— Required action —
Data follows below. Repeat exactly the lines between the line holding "матрас комфорт combi плюс в Новороссийске" and the line holding "Infographic: Laci name", inclusive, and nothing more; drop pictures.

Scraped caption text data
• • • • •
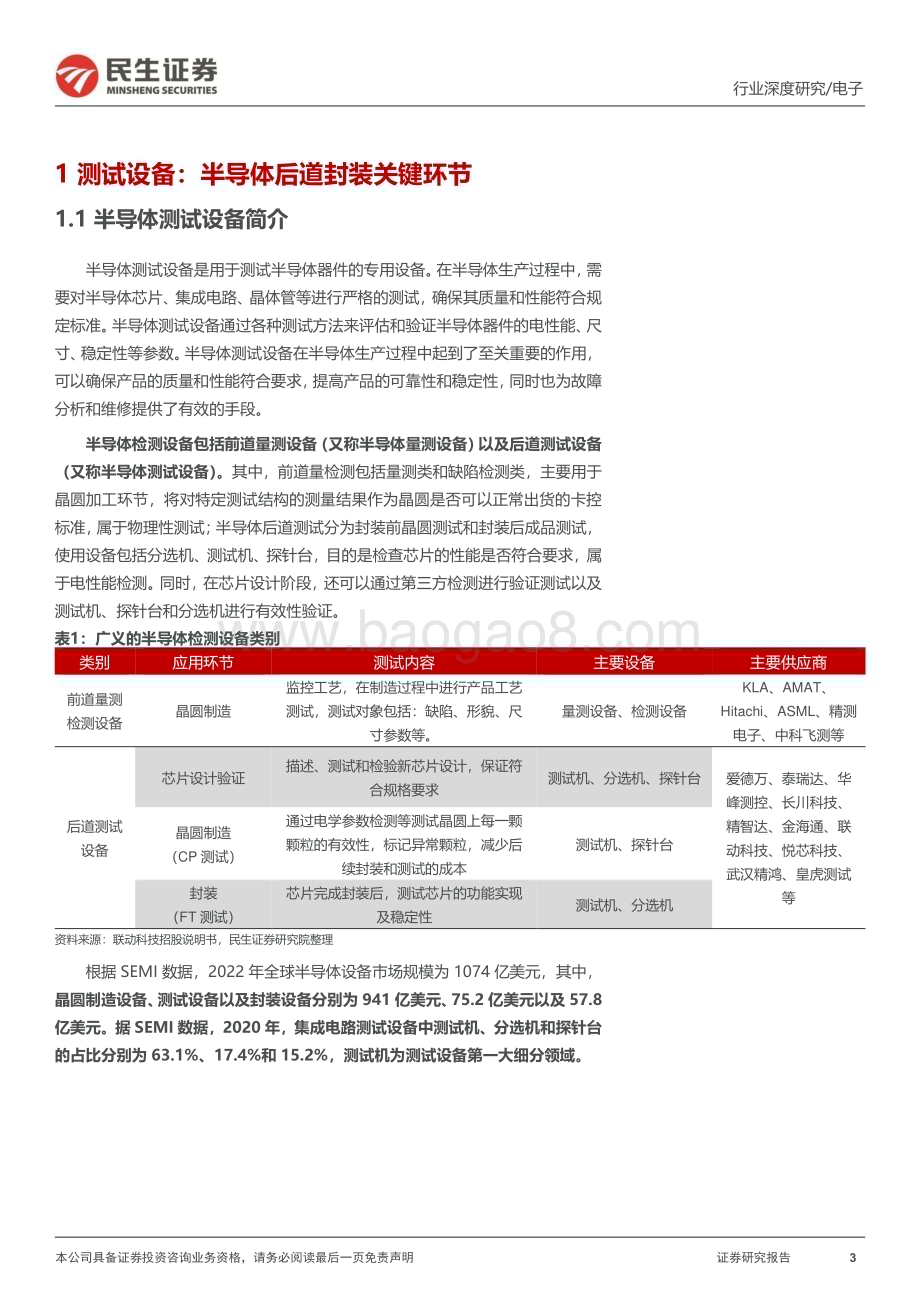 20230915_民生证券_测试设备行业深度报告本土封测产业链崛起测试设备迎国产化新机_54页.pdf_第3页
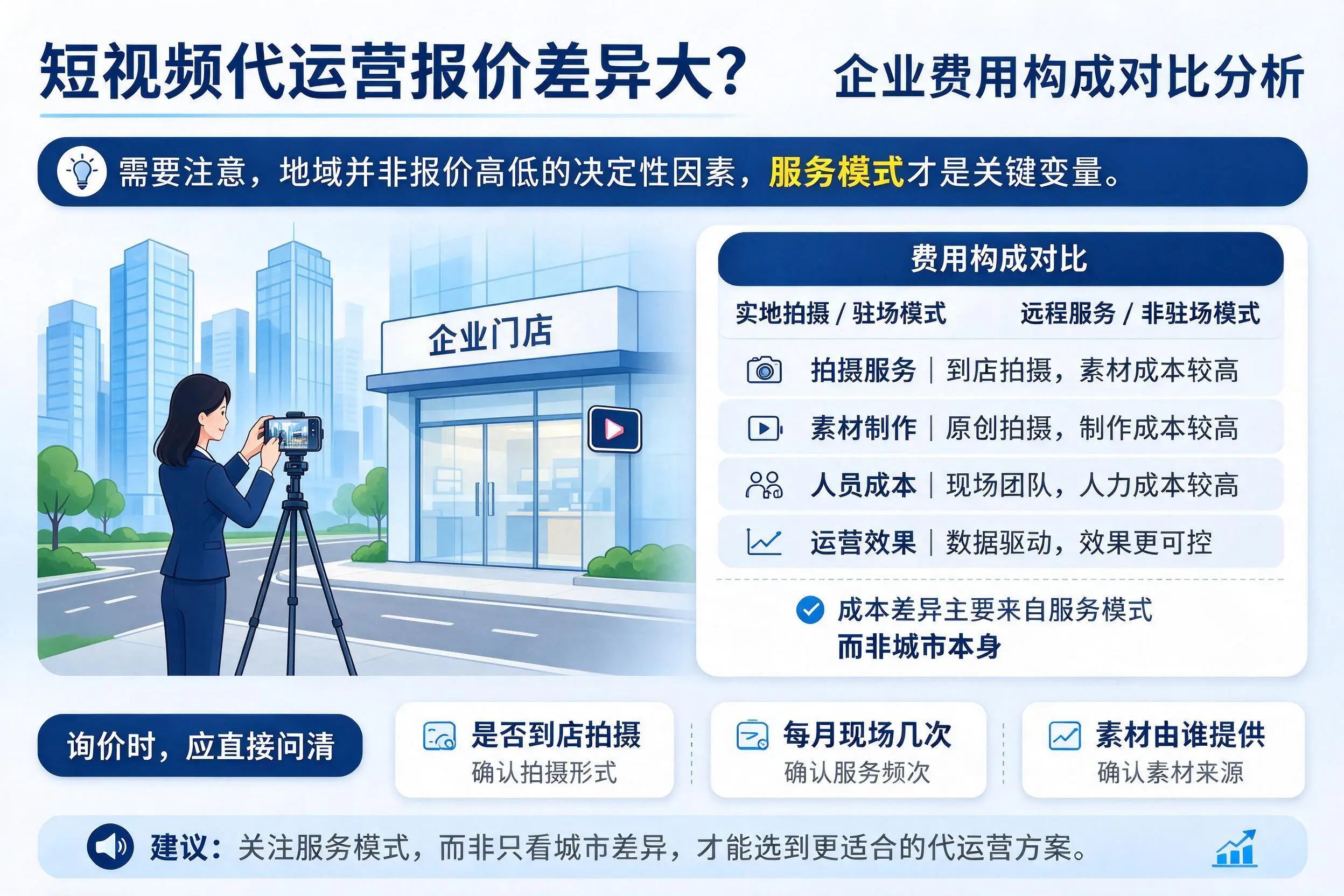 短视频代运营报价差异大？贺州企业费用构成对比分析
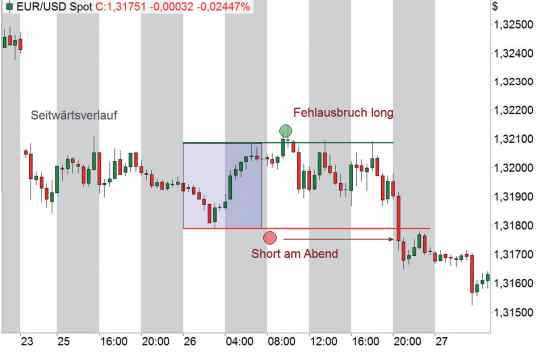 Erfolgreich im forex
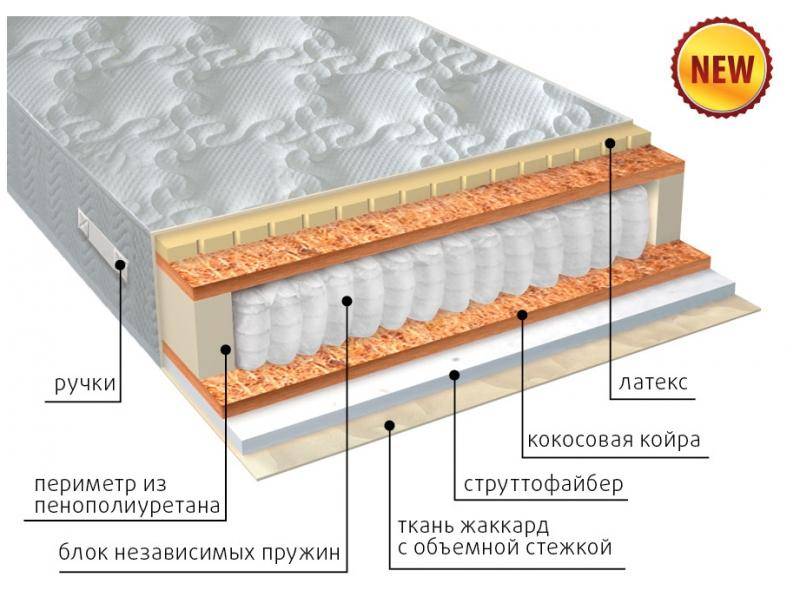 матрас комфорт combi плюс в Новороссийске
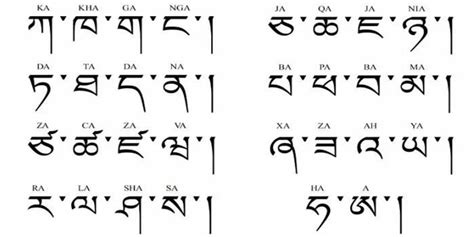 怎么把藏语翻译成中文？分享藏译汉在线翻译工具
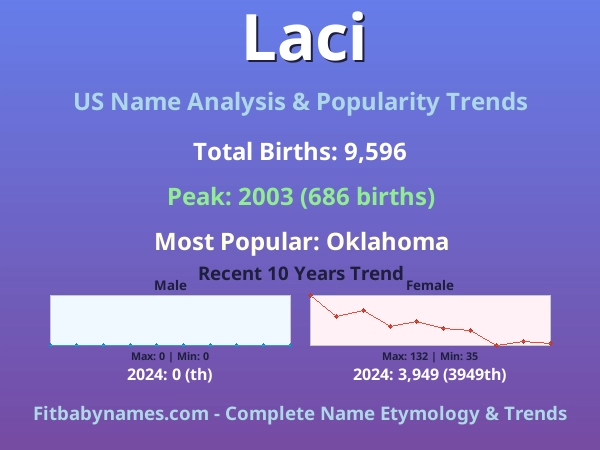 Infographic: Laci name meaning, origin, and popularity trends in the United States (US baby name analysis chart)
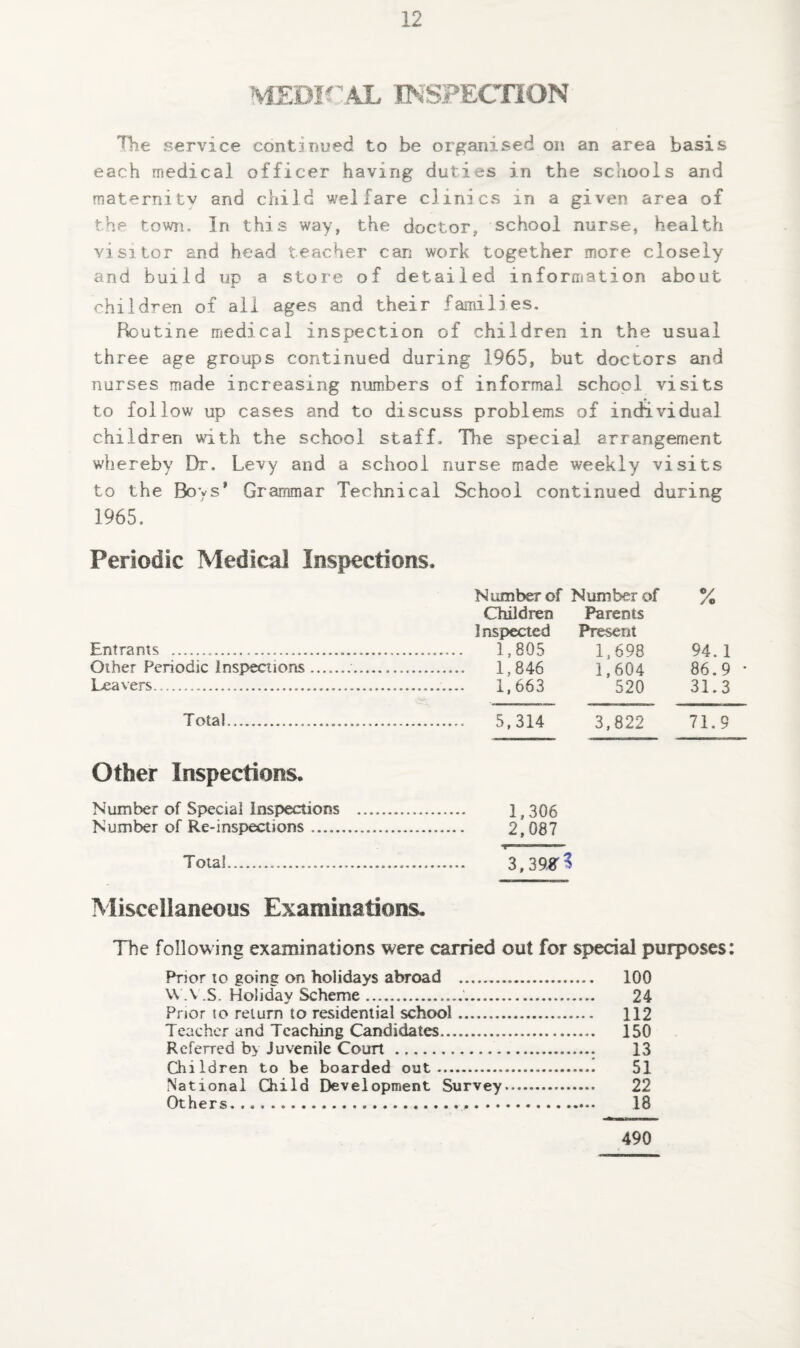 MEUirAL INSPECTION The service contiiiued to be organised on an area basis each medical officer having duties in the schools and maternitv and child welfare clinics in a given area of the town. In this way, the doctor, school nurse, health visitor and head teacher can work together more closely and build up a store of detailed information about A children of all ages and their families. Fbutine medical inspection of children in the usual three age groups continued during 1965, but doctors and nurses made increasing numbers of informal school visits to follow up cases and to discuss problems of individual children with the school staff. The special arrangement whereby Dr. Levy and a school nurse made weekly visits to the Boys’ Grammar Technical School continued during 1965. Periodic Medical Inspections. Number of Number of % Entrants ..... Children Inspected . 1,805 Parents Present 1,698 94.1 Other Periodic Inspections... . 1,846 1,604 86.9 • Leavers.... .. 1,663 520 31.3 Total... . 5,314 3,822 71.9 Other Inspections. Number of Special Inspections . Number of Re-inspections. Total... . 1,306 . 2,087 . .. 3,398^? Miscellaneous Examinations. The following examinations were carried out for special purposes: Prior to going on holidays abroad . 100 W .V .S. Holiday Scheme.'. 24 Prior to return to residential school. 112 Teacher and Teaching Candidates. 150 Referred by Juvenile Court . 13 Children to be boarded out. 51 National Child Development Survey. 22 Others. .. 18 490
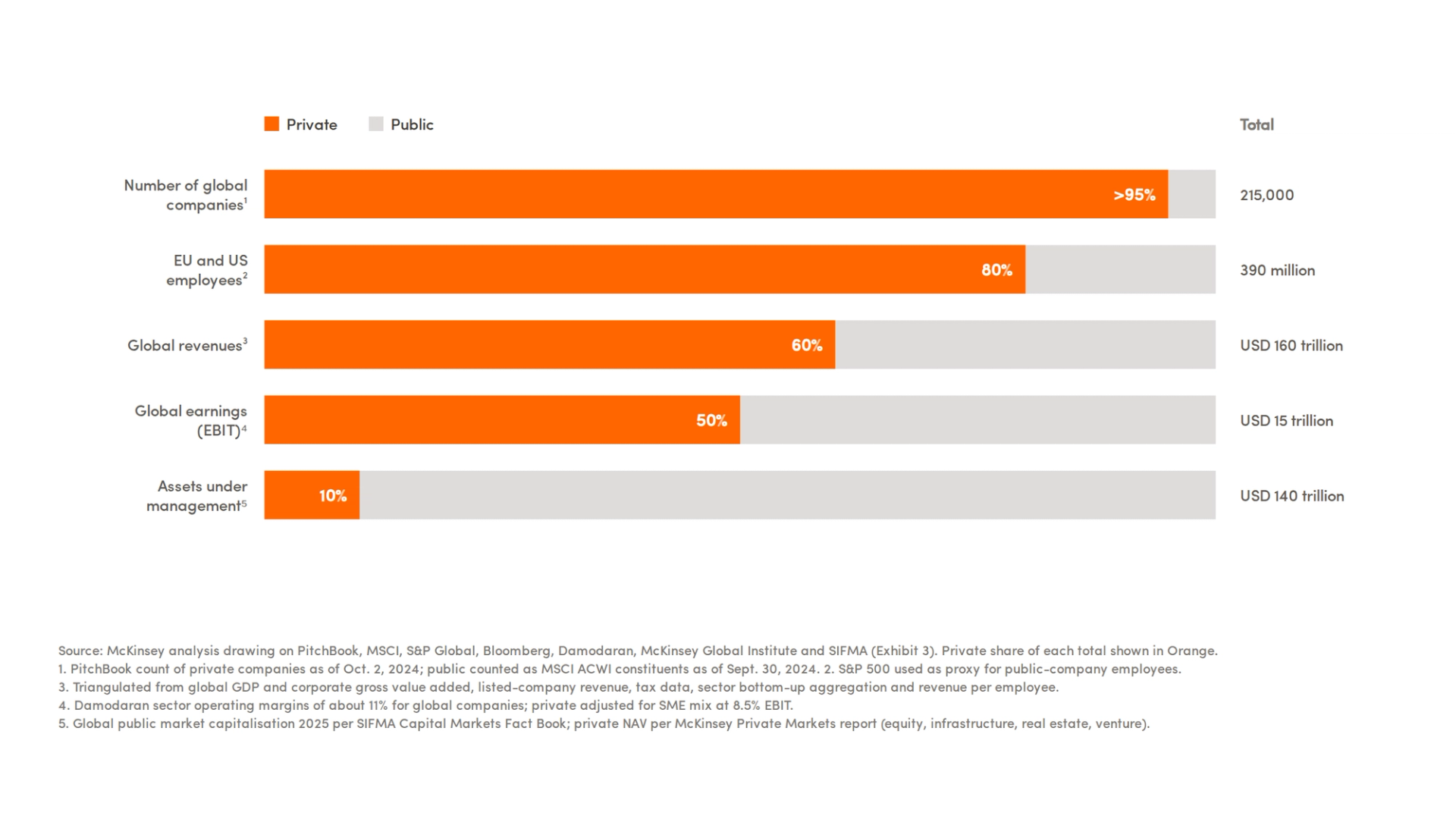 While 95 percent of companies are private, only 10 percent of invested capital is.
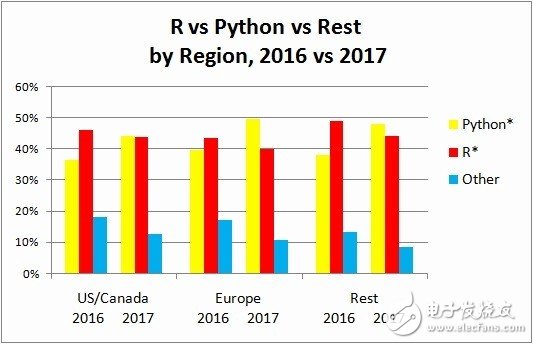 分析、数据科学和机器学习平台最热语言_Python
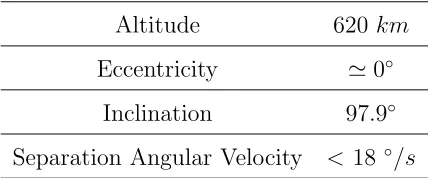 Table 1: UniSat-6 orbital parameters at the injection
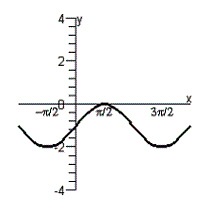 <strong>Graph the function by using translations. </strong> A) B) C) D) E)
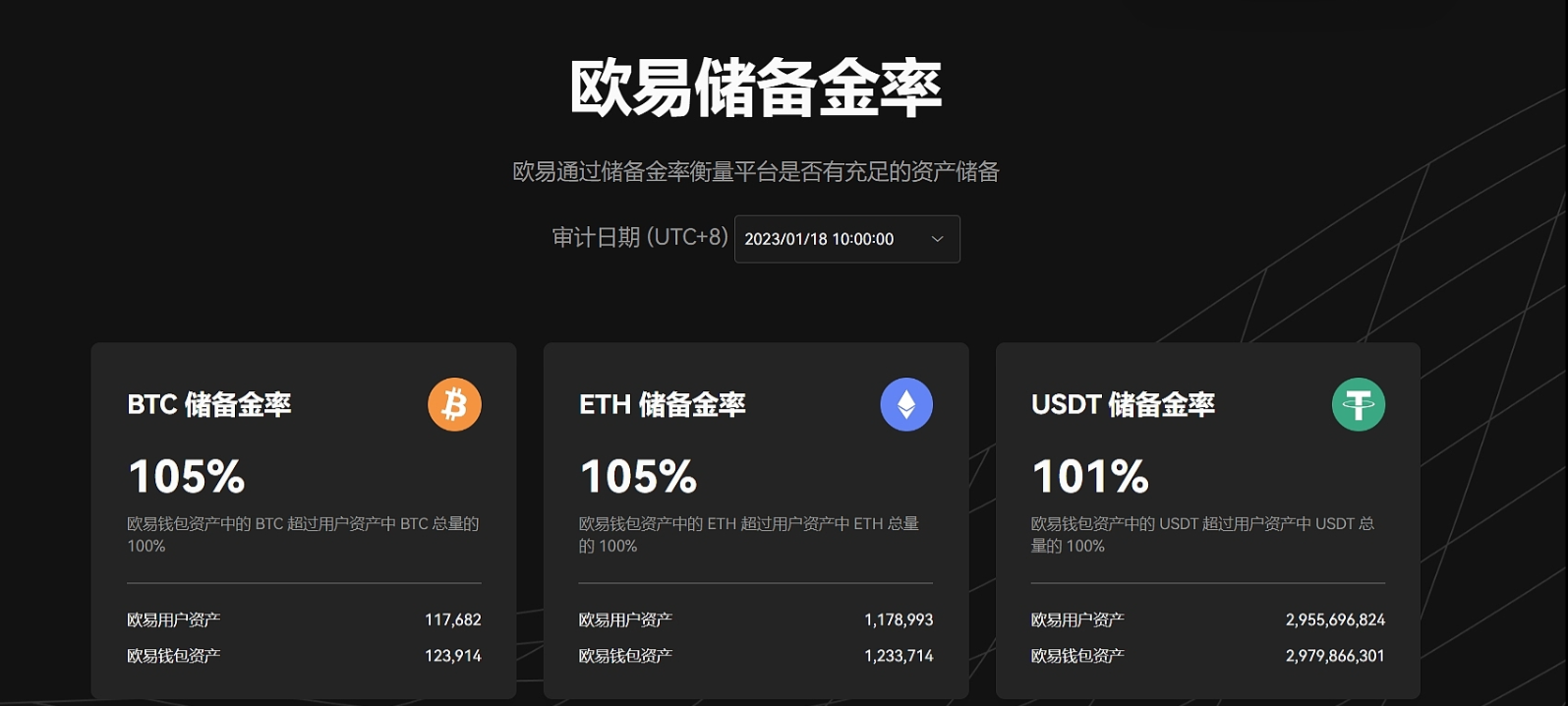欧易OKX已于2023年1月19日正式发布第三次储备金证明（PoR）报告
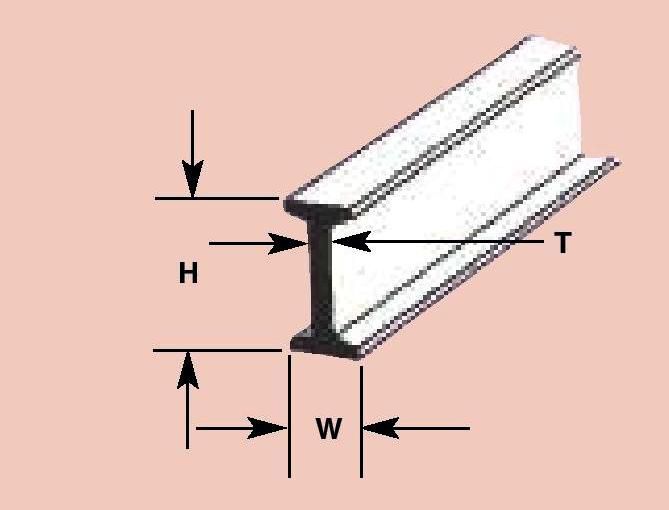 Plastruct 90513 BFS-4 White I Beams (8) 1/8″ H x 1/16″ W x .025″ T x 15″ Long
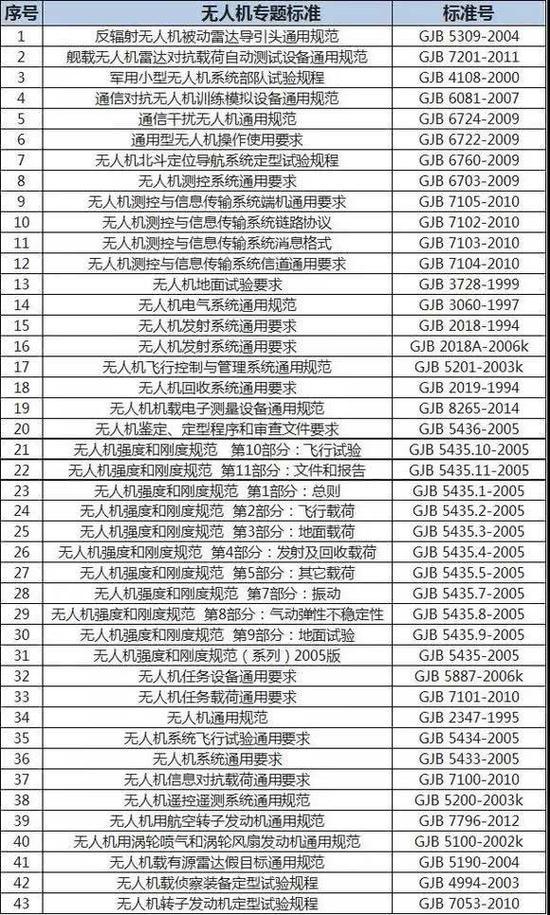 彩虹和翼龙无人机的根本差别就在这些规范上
• • • • •
— Output —
 матрас комфорт combi плюс в Новороссийске
 怎么把藏语翻译成中文？分享藏译汉在线翻译工具
 Infographic: Laci name meaning, origin, and popularity trends in the United States (US baby name analysis chart)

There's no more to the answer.